## TASK STATEMENT
Report back every line from the entries below in which the word "Grey" occurs.

== == ==

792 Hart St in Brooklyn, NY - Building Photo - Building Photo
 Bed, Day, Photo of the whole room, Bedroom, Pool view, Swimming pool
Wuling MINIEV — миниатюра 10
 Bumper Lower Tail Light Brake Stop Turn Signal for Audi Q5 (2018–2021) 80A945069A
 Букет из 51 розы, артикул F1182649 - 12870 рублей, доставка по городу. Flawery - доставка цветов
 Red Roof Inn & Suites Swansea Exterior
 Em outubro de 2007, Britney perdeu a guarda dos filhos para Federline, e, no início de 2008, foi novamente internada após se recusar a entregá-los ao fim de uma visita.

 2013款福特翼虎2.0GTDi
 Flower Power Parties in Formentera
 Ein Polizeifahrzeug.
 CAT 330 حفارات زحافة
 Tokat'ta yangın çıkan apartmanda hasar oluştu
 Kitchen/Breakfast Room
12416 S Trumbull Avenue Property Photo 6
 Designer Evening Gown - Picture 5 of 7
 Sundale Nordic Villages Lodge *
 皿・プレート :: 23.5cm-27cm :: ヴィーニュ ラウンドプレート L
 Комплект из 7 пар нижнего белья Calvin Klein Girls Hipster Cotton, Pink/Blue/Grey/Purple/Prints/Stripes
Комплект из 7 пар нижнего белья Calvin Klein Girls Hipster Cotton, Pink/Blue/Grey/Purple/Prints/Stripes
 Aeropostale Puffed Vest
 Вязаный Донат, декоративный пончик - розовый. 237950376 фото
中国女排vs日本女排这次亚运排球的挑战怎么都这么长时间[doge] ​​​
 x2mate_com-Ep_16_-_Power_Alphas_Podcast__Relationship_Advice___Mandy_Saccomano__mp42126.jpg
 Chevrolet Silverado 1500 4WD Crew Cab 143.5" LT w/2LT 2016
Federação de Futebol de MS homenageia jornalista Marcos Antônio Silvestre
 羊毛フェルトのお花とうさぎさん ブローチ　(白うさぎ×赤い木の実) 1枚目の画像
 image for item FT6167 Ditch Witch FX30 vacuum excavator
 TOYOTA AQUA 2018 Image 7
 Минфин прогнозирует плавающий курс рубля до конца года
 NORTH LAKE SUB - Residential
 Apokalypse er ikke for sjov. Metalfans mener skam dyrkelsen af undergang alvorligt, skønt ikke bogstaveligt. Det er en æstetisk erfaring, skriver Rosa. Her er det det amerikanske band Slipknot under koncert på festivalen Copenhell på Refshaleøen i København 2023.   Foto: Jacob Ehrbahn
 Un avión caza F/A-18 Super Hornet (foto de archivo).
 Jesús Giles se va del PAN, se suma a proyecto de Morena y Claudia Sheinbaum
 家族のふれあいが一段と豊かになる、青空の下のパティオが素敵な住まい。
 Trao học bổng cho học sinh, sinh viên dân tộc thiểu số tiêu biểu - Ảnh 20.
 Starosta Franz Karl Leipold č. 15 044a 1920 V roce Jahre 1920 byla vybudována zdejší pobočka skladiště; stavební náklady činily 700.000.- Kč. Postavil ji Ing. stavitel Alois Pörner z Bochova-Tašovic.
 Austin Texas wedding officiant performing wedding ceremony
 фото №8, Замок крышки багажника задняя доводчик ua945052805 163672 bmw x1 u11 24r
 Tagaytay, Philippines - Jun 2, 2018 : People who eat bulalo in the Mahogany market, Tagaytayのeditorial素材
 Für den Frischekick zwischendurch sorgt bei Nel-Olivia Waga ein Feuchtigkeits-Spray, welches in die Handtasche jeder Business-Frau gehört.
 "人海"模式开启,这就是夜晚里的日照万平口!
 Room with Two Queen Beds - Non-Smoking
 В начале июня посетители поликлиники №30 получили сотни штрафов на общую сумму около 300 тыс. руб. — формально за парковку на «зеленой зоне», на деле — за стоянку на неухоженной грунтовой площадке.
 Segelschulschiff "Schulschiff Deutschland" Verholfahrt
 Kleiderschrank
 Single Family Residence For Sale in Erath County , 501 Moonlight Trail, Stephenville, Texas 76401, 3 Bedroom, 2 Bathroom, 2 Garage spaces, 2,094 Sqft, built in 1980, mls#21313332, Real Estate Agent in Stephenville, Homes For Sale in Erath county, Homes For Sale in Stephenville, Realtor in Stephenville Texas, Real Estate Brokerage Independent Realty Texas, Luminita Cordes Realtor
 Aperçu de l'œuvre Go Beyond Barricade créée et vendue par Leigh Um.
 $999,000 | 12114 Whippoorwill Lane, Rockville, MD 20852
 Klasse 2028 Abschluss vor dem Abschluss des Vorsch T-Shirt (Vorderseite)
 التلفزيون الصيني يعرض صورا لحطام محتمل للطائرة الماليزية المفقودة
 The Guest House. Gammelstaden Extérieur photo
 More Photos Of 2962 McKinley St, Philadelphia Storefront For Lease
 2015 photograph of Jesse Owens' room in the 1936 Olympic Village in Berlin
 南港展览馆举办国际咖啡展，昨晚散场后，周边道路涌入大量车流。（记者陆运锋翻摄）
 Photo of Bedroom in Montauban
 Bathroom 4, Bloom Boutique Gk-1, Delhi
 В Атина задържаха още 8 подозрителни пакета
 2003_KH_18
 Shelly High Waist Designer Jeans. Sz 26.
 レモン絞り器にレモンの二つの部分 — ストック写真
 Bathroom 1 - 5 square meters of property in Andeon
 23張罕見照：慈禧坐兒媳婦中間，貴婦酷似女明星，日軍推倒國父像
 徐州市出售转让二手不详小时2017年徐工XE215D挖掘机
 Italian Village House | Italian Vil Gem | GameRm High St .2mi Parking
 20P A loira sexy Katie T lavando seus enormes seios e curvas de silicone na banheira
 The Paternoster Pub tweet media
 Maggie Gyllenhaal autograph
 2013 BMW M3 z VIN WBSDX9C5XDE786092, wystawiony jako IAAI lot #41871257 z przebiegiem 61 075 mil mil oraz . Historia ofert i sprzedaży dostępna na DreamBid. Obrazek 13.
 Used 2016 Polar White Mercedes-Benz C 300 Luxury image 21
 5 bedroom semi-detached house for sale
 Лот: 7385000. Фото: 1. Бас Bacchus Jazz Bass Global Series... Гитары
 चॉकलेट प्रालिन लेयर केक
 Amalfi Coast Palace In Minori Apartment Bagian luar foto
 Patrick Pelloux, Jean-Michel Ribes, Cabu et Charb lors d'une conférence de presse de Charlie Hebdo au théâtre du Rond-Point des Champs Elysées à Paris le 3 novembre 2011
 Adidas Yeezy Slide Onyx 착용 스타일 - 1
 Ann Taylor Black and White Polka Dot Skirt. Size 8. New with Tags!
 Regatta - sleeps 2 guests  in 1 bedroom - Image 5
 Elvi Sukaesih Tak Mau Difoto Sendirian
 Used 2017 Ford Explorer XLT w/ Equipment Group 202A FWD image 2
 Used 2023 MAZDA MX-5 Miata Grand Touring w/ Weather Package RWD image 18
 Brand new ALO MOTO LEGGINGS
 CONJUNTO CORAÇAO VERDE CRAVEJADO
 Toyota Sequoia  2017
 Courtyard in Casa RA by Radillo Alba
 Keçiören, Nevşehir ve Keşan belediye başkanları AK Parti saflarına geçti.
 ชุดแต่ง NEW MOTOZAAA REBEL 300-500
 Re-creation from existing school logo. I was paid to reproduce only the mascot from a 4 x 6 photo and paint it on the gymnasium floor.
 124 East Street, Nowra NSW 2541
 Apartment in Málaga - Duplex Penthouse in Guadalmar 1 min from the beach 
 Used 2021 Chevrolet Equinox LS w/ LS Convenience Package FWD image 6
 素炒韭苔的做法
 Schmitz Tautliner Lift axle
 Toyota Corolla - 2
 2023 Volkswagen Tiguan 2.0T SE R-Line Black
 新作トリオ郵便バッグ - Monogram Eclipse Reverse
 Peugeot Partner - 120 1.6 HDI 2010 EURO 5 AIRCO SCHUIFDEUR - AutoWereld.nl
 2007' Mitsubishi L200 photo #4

== == ==

## RESPONSE AREA
 Комплект из 7 пар нижнего белья Calvin Klein Girls Hipster Cotton, Pink/Blue/Grey/Purple/Prints/Stripes
Комплект из 7 пар нижнего белья Calvin Klein Girls Hipster Cotton, Pink/Blue/Grey/Purple/Prints/Stripes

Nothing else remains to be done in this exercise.